RÉFLEXIONS pour Rm 14:14

Dans le yahvisme comme dans le judaïsme, les notions de pureté et d'impureté étaient centrales dans la vie religieuse. Au premier regard, on pourrait croire qu'il s'agit de restrictions purement rituelles, en partie empruntées au monde païen. Mais ce n'est pas tout à fait cela. Les notions de pureté et d'impureté étaient liées aux représentations de la vie et de l'homme propres au yahvisme d'avant l'exil, et qui devinrent ensuite habituelles aussi dans le judaïsme. La Bible décrit l'homme comme un être doublement un, spirituel et naturel.

Dieu « insuffle » à l'homme « dans les narines », ainsi dit le texte hébreu, ce souffle de vie qui fait de lui un homme. Et la vie humaine elle-même est un flux qui comprend à la fois une composante spirituelle et une composante naturelle. Le souffle de vie de Dieu y touche la nature, la pénètre et en change la qualité. Ce flux de vie est désigné par le mot hébreu que l'on traduit d'ordinaire par « âme ».

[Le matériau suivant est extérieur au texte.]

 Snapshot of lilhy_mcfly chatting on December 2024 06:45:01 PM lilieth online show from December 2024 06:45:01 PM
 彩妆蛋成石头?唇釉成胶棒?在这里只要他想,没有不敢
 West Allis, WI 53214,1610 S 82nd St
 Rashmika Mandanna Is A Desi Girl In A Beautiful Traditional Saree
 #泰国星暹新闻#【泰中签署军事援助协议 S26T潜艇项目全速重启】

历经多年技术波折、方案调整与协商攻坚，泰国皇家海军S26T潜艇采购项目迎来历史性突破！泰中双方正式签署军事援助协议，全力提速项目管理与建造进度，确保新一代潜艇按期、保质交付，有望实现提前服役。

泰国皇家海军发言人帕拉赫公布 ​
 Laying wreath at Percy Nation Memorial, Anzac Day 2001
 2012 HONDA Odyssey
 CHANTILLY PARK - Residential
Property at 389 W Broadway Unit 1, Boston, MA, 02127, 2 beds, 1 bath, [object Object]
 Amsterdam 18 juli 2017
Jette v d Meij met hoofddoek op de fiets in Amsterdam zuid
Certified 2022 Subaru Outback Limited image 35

Il est naturel que l'intensité et la qualité de ce flux vital puissent varier. Dans le monde et dans la vie humaine, il existe quelque chose qui obstrue son lit et ralentit son cours: c'est ce que le langage biblique appelle impureté ou souillure. En premier lieu, bien sûr, ce sont les conséquences du péché commis qui souillent l'homme. Mais dans les temps préchrétiens, il existait dans le monde d'autres choses capables de souiller l'homme, d'affaiblir et d'épuiser le flux de sa vie.

Tout ce qui touche à la mort, à la décomposition, à l'entropie, tout cela diminuait la mesure de plénitude de la vie humaine et en abaissait la qualité. Dans un tel état, la rencontre avec Dieu devenait problématique pour l'homme, voire impossible: car pour Le rencontrer, pour éprouver la réalité de sa présence au lieu qu'Il a Lui-même choisi, il fallait déjà posséder un minimum de plénitude et d'intensité de sa propre existence.

Dans le shéol, le royaume des morts, on ne loue pas Dieu parce que sa présence ne s'y manifeste pas: l'existence que les morts y mènent est une existence au minimum, lorsque le flux de la vie est presque entièrement tari. Avant la venue du Christ, il fallait tenir compte de tout cela. Mais avec le Christ, le Royaume est entré dans le monde avec toute sa plénitude de vie, jusque-là inconnue et jamais vue.

Désormais, quiconque vit de cette vie n'a plus à craindre que certains processus du monde non transfiguré l'empêchent de vivre toute la plénitude de la vie du Royaume. Désormais, seul son propre péché peut faire obstacle à l'homme. Et, bien sûr, la peur de l'impureté: car la peur crée souvent elle-même son propre objet. Celui qui continue à craindre l'impureté du monde déchu rencontrera inévitablement son action sur lui. Quant aux autres, qui ont choisi le Christ et le Royaume, ils n'ont pas à s'en inquiéter: le souffle du Royaume est plus fort que toutes les forces destructrices de ce monde.